Predictive model for rare occurrences

Casper72
Casper72 New Altair Community Member
edited November 2024 in Community Q&A
Hi fellow RapidMiners,

What kind of model would you suggest I should look into when trying to predict a binary outcome with a very high class imbalance (97/3)? The problem at hand is medical readmission within 30 days for surgery. Any suggestions would be appreciated.
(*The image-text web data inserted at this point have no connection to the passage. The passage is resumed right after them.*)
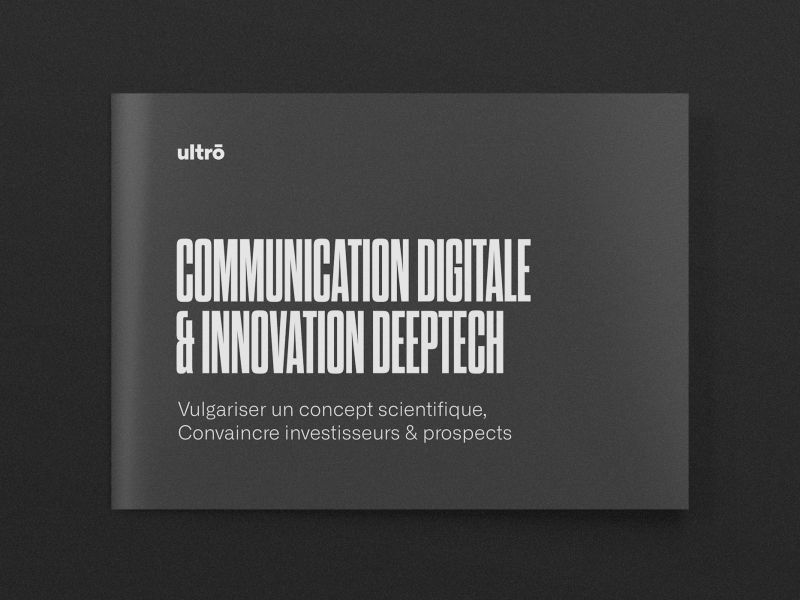 Atelier startup « communiquer sur son innovation Deep Tech pour mieux convaincre »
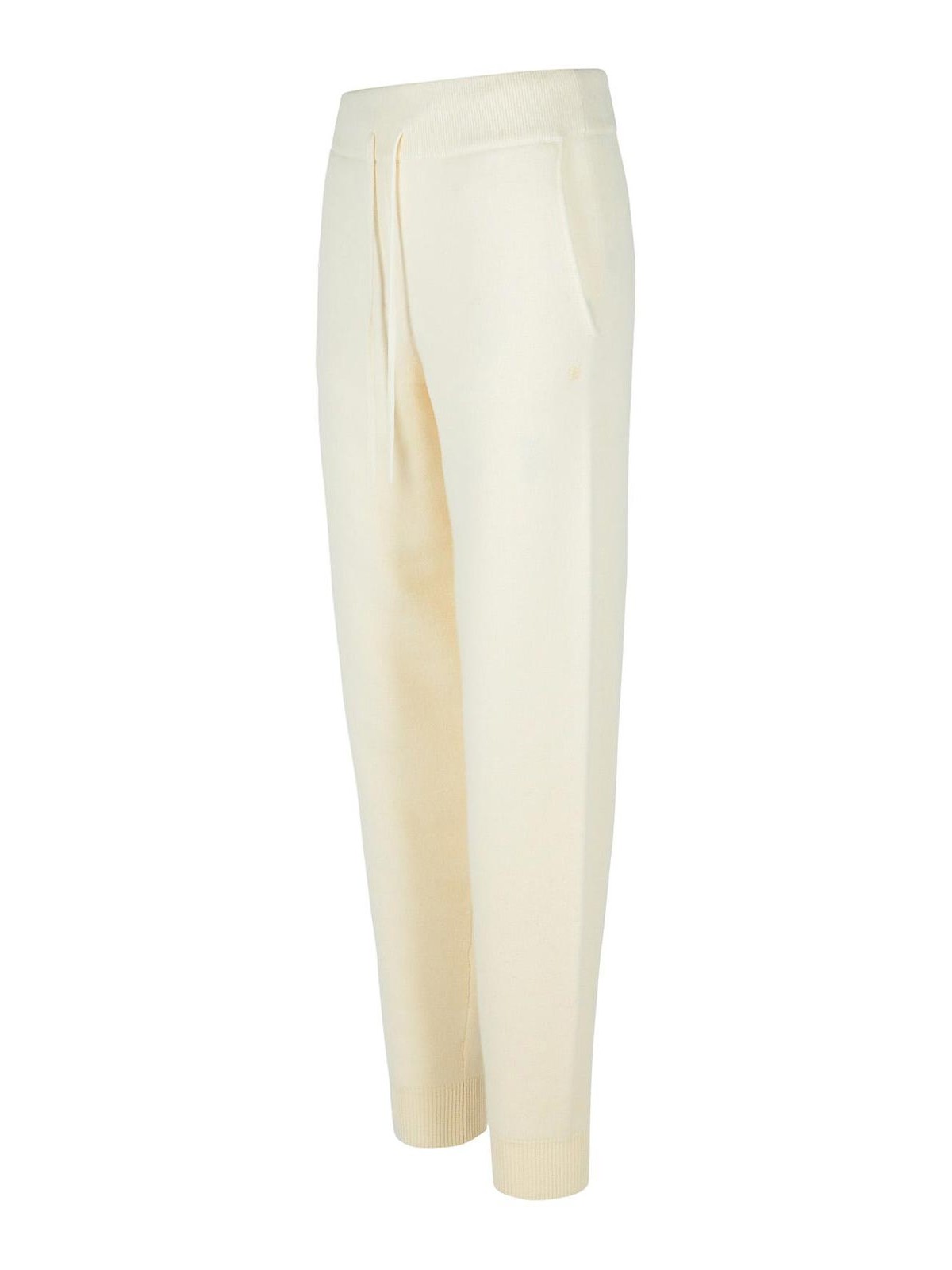 Hespero Ivory Cashmere Trousers HESPEROIVORY (LOULOU STUDIO / パンツ ) | LOULOU STUDIO (ルルスタジオ)(2)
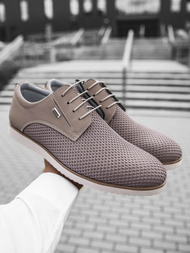 Pánské Boty Béžové T/682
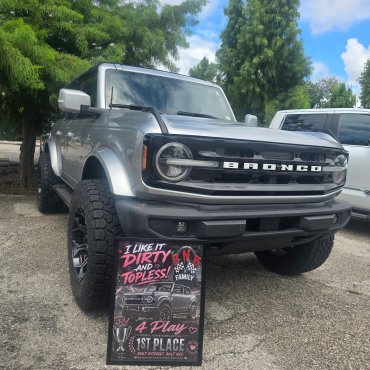 2022 Ford Bronco photo
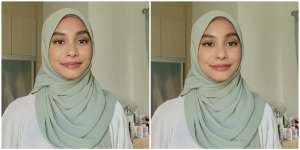 Tutorial Pashmina Modis untuk Kondangan 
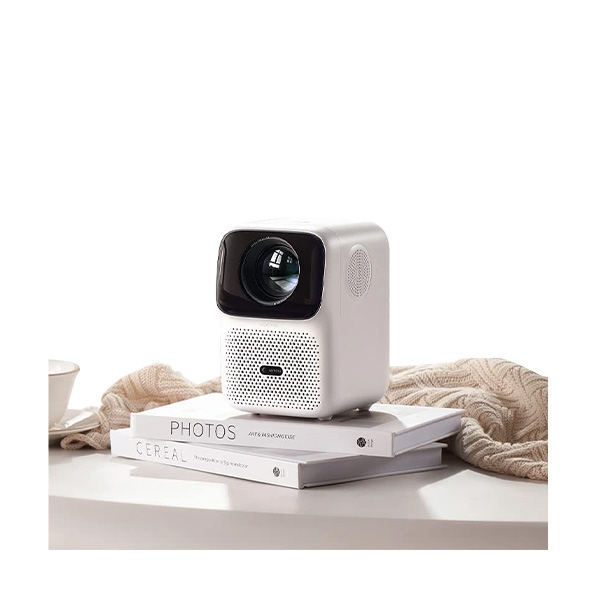 پروژکتور شیائومی مدل Wanbo T4 Xiaomi Wanbo T4 White Projector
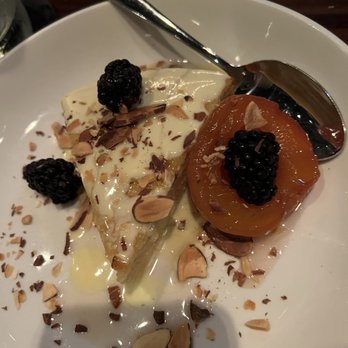 Under the Cork Tree - Spanish Almond Cake - New American Near Me - Sandy Springs, Georgia Under the Cork Tree - Spanish Almond Cake - New American Near Me - Sandy Springs, Georgia
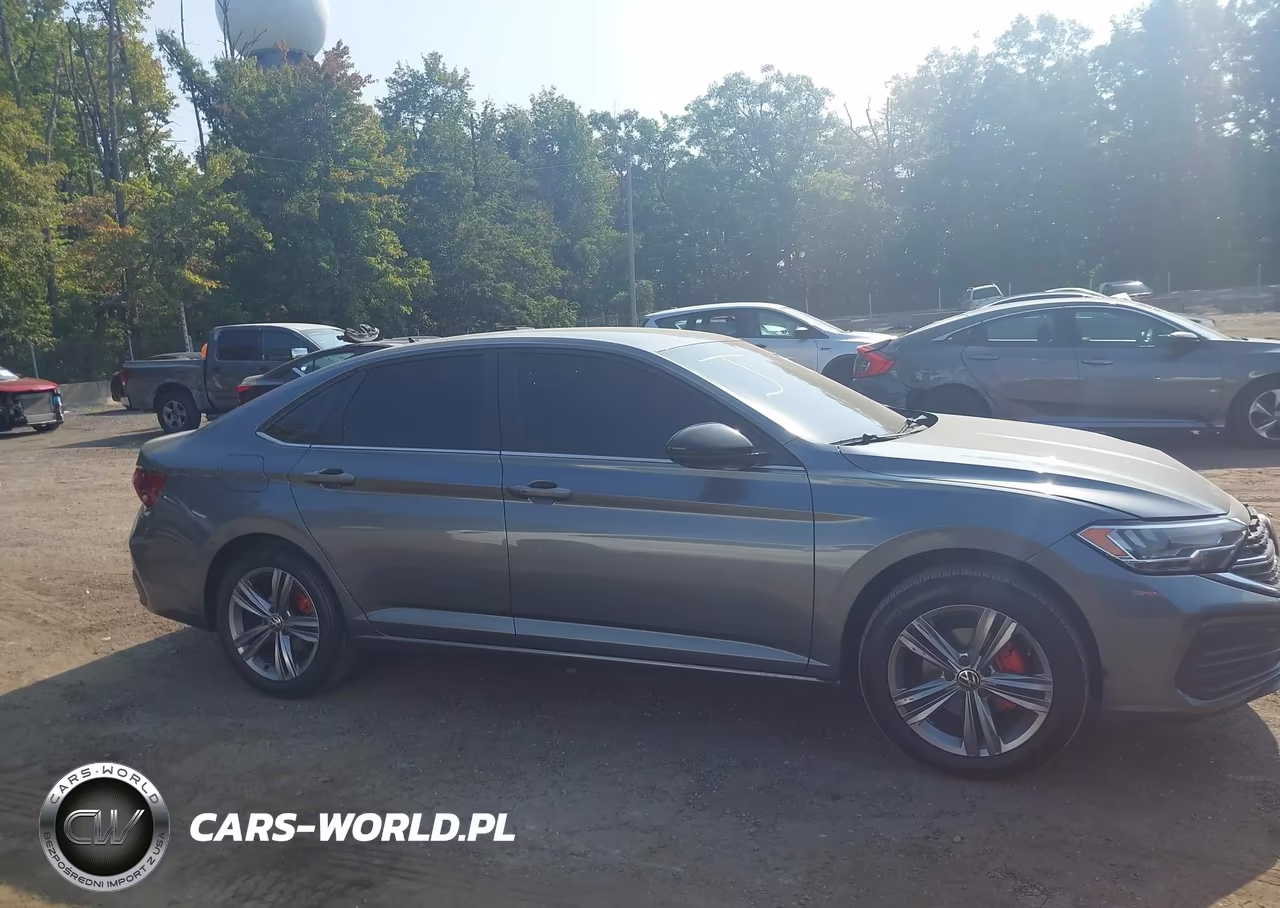 2024 Volkswagen Jetta 1.5T Se VIN:3VWEM7BU2RM099477 - 13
Currently I am planning to test the k-NN algorithm looping through different k-values.

Best regards.
Tagged:

Best Answers

  • lionelderkrikor
    lionelderkrikor New Altair Community Member
    Answer ✓
    Hi @Casper72,

    In your case, I advice you to preprocess your data by upsampling your dataset before modelling.
    For that, you can use the SMOTE Upsampling operator from the Operator Toolbox extension available for free in the MarketPlace.

    Regards,


    Lionel

  • Telcontar120
    Telcontar120 New Altair Community Member
    Answer ✓
    You can try weighting instead to balance the classes (although not all ML algorithms support weighting).  This might give better results than upsampling with such a small minority class.
  • Telcontar120
    Telcontar120 New Altair Community Member
    Answer ✓
    Take a look at the tutorial for the Generate Weight (Stratification) operator, that should be the one that you would use.

Answers

  • lionelderkrikor
    lionelderkrikor New Altair Community Member
    Answer ✓
    Hi @Casper72,

    In your case, I advice you to preprocess your data by upsampling your dataset before modelling.
    For that, you can use the SMOTE Upsampling operator from the Operator Toolbox extension available for free in the MarketPlace.

    Regards,


    Lionel

  • Casper72
    Casper72 New Altair Community Member
    Thank you Lionel,

    I will try using SMOTE. Have used it before with success, although with less imbalanced datasets (typically in the range of 30/70) 
  • Telcontar120
    Telcontar120 New Altair Community Member
    Answer ✓
    You can try weighting instead to balance the classes (although not all ML algorithms support weighting).  This might give better results than upsampling with such a small minority class.
  • Casper72
    Casper72 New Altair Community Member
    Tellcontar120: Great idea! I will have to read up upon weighting in RM though. Thank you for your suggestion.
  • Telcontar120
    Telcontar120 New Altair Community Member
    Answer ✓
    Take a look at the tutorial for the Generate Weight (Stratification) operator, that should be the one that you would use.